There is a fine line between being a wimpy wasp or a tough-as-nails Sacramentan, I’ve noticed. For one thing, it’s perfectly OK to stick a travel-sized umbrella in your bag if it’s rainy weather. It’s another thing if you’ve got to stick your hand out to determine whether it is actually raining hard enough to open the umbrella. That’s why you see so many suited guys downtown running in the rain, umbrella clutched under their arm and a newspaper over their head. They don’t want to look like a wimp. They’d rather look ridiculous.
Kind of like I looked, standing on the steps yesterday and holding a clipboard over my head when it was raining. Yes, I had an umbrella in my bag but it seemed pointless to open it. I had not expected the tenant to lock the gate between the house and the street, but fortunately there was a doorbell right there on the wall, and fortunately, she quickly came out to let me inside.
This Sacramento real estate agent was inspecting two houses on a lot in Midtown that will most likely come on the market this week or next, depending on whether I rouse the sellers from cruising the beaches on vacation in Maui. When I first called one of the tenants, she was very reluctant to let me visit. Why, she needed more than a few hours of notice, and she hadn’t cleaned the house. She didn’t know if she would be home, no, probably, she would not be home, and she wasn’t sure when she ever would be home, if I wanted to know the truth.
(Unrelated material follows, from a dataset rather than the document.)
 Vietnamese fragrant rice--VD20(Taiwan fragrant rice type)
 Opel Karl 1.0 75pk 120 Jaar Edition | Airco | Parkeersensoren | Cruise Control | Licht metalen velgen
I assured her it was OK. I would visit the house next door. Oh, and did I mention that most likely an investor would buy the property, so she could probably just stay on as a tenant if she so desired. I let her know that when I finished inspecting the home next door, I would stop by, and if she was home, that would be cool, and if she wasn’t, that would be OK, too. I’d just catch her some other time down the road.
After I completed my initial agent inspection and shot photos of the first house, I walked over to the second house and knocked. Oh, my goodness. She was home. Imagine that. Somedays, I’m just lucky like that.